Le Président (M. Bernier) : Donc, c'est nouveau.

• (17 h 50) •

M. Marceau : C'est du neuf.

(Consultation)

M. Marceau : Peut-être une question, M. le Président.

Le Président (M. Bernier) : Oui, M. le député de Rousseau.

M. Marceau : Non, je n'ai plus de question, j'ai trouvé la réponse. Merci.

Le Président (M. Bernier) : Tant mieux.

(Consultation)

Le Président (M. Bernier) : M. le député de Rousseau.

M. Marceau : Oui. À la page 53, à l'article 164, au premier paragraphe, «à son avis». Là, là, je ne sais plus si c'est un paragraphe ou... En tout cas, à l'item b : «Il fait fréquemment défaut d'exécuter entièrement, correctement et sans retard les obligations qui lui incombent en vertu d'un contrat d'assurance.» Bon, évidemment, j'ai tiqué un peu sur le «fréquemment», là. Il m'apparaît que, même si on fait à l'occasion ou une fois de temps en temps défaut d'exécuter entièrement les obligations qui nous incombent, ça pose problème quand même, là.

Alors, je ne savais pas trop comment je devais le lire, comment je devais le comprendre. Je comprends évidemment que, si quelqu'un, systématiquement, fréquemment, se comporte de manière incorrecte, qu'on lui retire l'autorisation. Je souhaite qu'on lui retire l'autorisation. Maintenant, il y a le mot «fréquemment», là, qui m'a fait un peu pas mal tiquer, là. Voilà. Alors, je vous laisse me dire qu'est-ce que vous en pensez.

Le Président (M. Bernier) : M. Boivin, qu'est-ce que vous en pensez?

M. Marceau : En fait, on aurait pu l'enlever, le mot «fréquemment», hein, peut-être.

M. Boivin (Richard) : M. le Président, bien, en fait, je pense que le mot «fréquemment» permet de distinguer avec des cas particuliers. Il peut arriver, à l'occasion dans une situation particulière, que l'assureur n'exécute pas entièrement les obligations qui lui incombent en vertu d'un contrat d'assurance au vu d'un assuré. L'assuré pourrait prétendre ça. Donc, on veut viser les situations où l'assureur se met en défaut vraiment par rapport à sa clientèle et non pas viser des cas particuliers, sporadiques, qui ne créent pas une situation, là, je dirais systémique.

M. Marceau : Je trouve que la barrière n'est pas assez haute. Vous comprenez?

M. Boivin (Richard) : Oui, oui.

M. Marceau : Je ne sais pas, moi, j'aurais souhaité... Là, si quelqu'un décide que 5 % des... pour reprendre le 5 % de tout à l'heure. Ça pourrait être 10 %. Mais, mettons, 10 % des cas, bof, on va tripoter les affaires, 10 %. Je sais bien qu'on n'est pas dans ce monde-là, mais on théorise un peu. 10 % des cas, là, je vais escroquer le consommateur. La question qui se pose, c'est : Est-ce suffisamment, là? Puis, bon, ils sont capables de faire ça de façon à ce que ça apparaisse comme des erreurs administratives ou de manière sporadique. Je ne suis pas sûr qu'on l'attrape. C'est ça que je veux dire. Je ne suis pas sûr qu'on l'attrape si ce...

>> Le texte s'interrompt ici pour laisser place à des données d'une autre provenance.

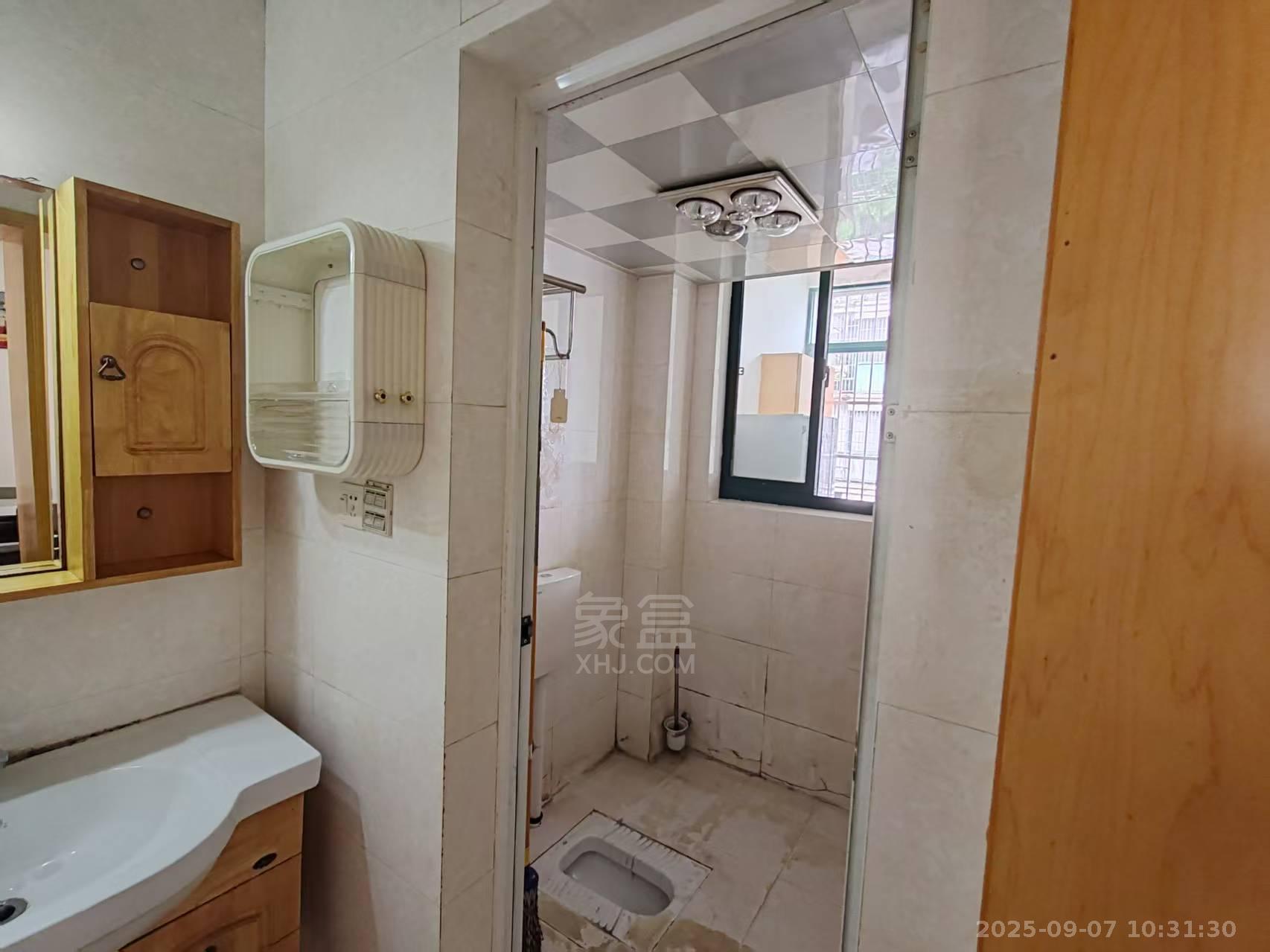 圣华名城建设北路110号 2室1厅2卫 1000.0元/月 圣华名城建设北路110号 2室1厅2卫 1000.0元/月室内图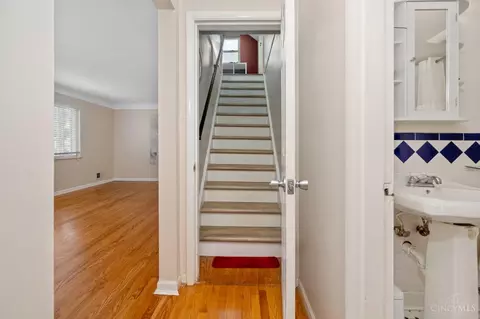 Entry Way - 5155 Bell Ave, Blue Ash, OH 45242 photo 2 of 3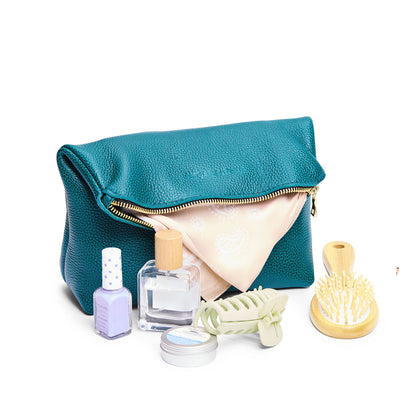 Aquarius | Closed folded zipper pouch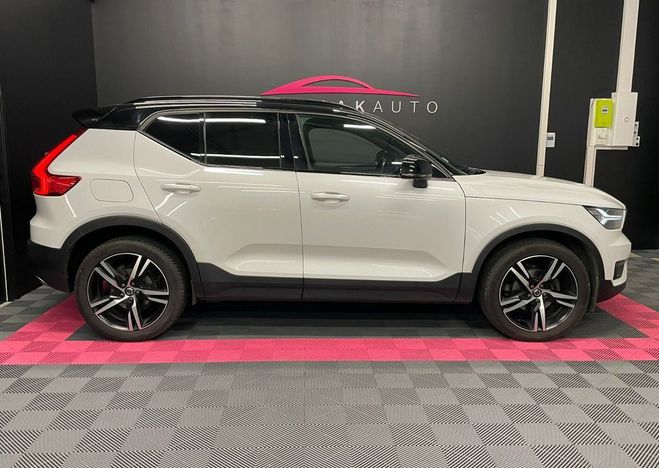 Volvo XC40 D3 150 ch R-DESIGN SUIVI COMPLET Blanc de 2018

M. Leitão : Moi, je dirais que oui parce qu'au tout début de l'article 164 l'autorité, elle va agir si elle l'estime dans l'intérêt public. Alors donc, ça peut être une fois, ça peut être un écart qui est jugé assez grave dans l'intérêt public pour qu'elle intervienne, comme un peu plus... donc, un peu plus de marge de manoeuvre...

Le Président (M. Bernier) : M. le ministre, nous aurons l'occasion de poursuivre...

M. Marceau : Nos divergences de vues.

• (18 heures) •

Le Président (M. Bernier) : ...nos discussions sur ce sujet fort intéressant, mais demain.

Je remercie tous les parlementaires qui ont participé à cette étude et également les recherchistes, nos gens du ministère des Finances et de l'Autorité des marchés financiers. Bien sûr, notre personnel et nos gens qui nous accompagnent de l'Assemblée nationale, merci de votre travail.

Donc, compte tenu de l'heure, la commission ajourne ses travaux sine die.